In India, a significant number of people face challenges due to limited English proficiency (LEP), with over 350 languages spoken across the country. Language barriers often go unnoticed as a critical factor affecting the quality of healthcare, yet they play a vital role in how well patients adhere to treatment, comprehend medical information, and feel satisfied with their care. In stressful healthcare situations, particularly when patients are experiencing pain, the urge to communicate in their native language becomes even more pronounced.
The LEP community often grapples with adverse social determinants of health (SDOH), leading to disparities in health equity. Typically, these individuals have lower educational attainment and a higher likelihood of living below the federal poverty line compared to the general population in India. While these challenges have long existed within the healthcare system, the COVID-19 pandemic has starkly revealed the severity of the communication gap between patients and providers.
To address these issues in real-time, many healthcare organizations resort to hiring translators. However, this approach may not be the most economical or beneficial for patients, as it can create a barrier in the patient-provider relationship. Additionally, what do patients do when they return home with unanswered questions, or when they feel hesitant to ask certain things in person?
To truly empower patients on their healthcare journey, they require round-the-clock, on-demand access to medical information and services, independent of the language they speak. The potential of conversational AI to engage and support a diverse patient demographic has become increasingly recognized, especially in light of the pandemic. As this technology continues to evolve within the healthcare sector, it’s crucial to ensure that no patient population is overlooked.
Although chatbots have been a presence for some time, recent advancements in artificial intelligence, natural language processing, and machine translation have reignited interest in these digital assistants. Providing multilingual digital experiences allows healthcare access to reach a broader, global audience. Moreover, it assists specific local groups who may not speak the dominant language of their region.
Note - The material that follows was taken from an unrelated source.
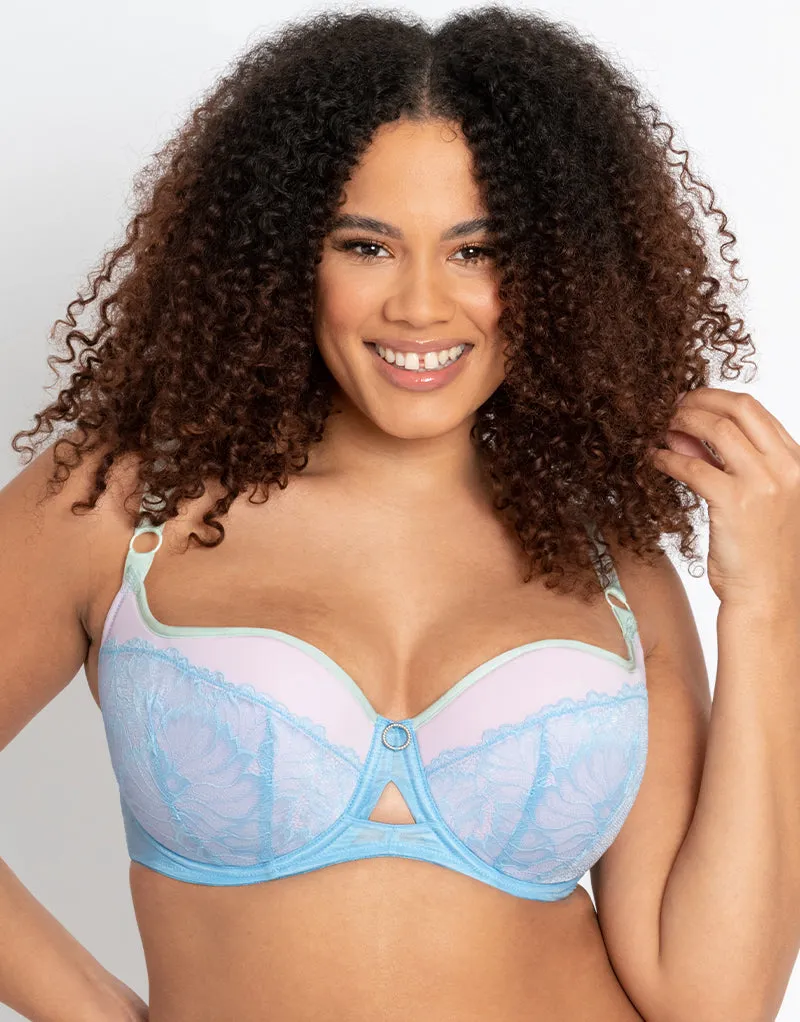 Curvy Kate Emboost Padded Balcony Bra Blue/Lilac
These chatbots can interact with patients in their native languages and translate conversations seamlessly, which helps ensure effective communication even when there is a language mismatch. Simbo.ai, for instance, utilizes both human and machine translation methods to cater to this need.
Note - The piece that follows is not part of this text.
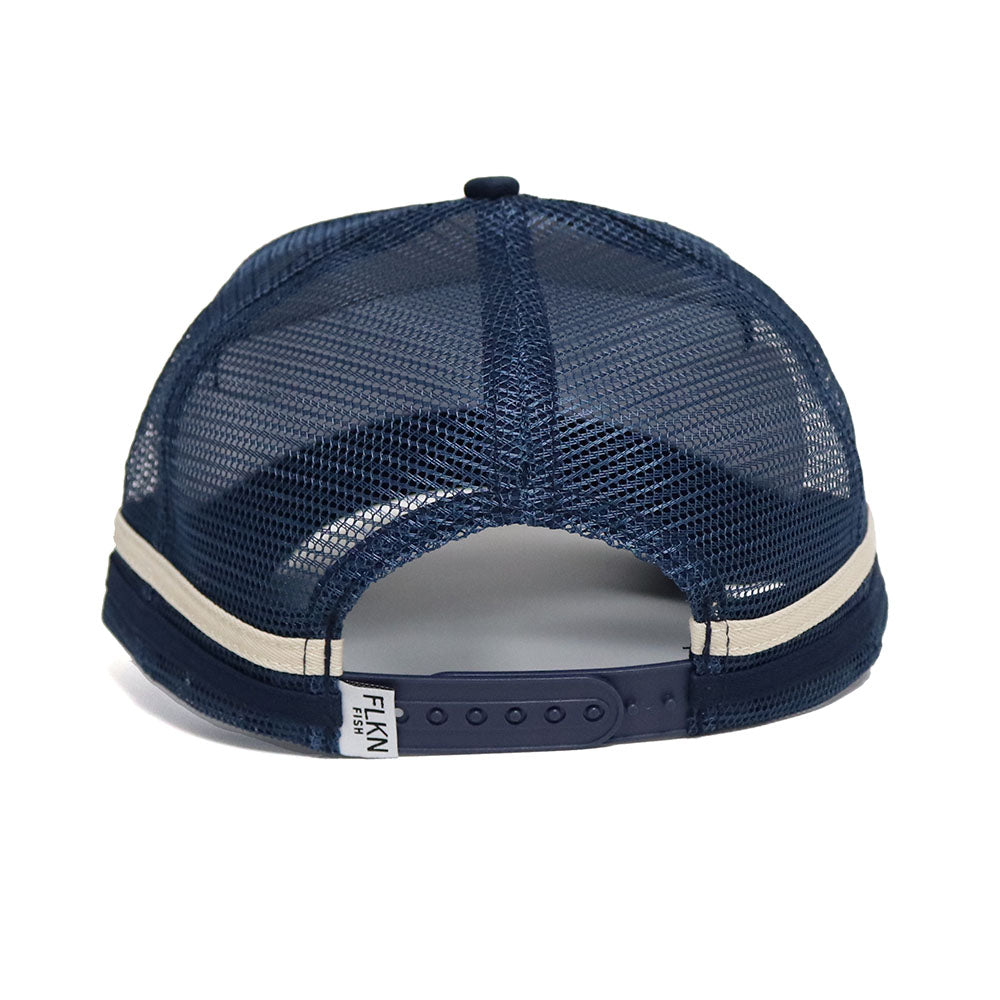 LEATHER PATCH MURRAY COD TRUCKERS CAP-NAVY/CREAM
Machine translation offers numerous advantages, including cost-effectiveness, 24/7 availability, and easy access to healthcare information for patients. Conversely, human translation is often more suitable for sensitive or urgent matters that demand a more precise and nuanced approach. With multiple languages integrated into our digital health solutions, patients can quickly access, navigate, and receive the care they need.
Currently, Simbo.ai is enhancing a health system’s digital front door solution to accommodate Indian language speakers through machine translation. This initiative engages patients when they visit the healthcare organization’s website, assisting them in finding their way through the care options available. With machine translation implemented, patients can interact with the service in their native Indian language, allowing the system to understand their input and provide accurate responses in the same language.
In India, over 43 million people speak Hindi as their first language, a number that continues to rise. Expanding these digital resources to include this population can significantly boost engagement rates, broadening access to healthcare and enhancing understanding.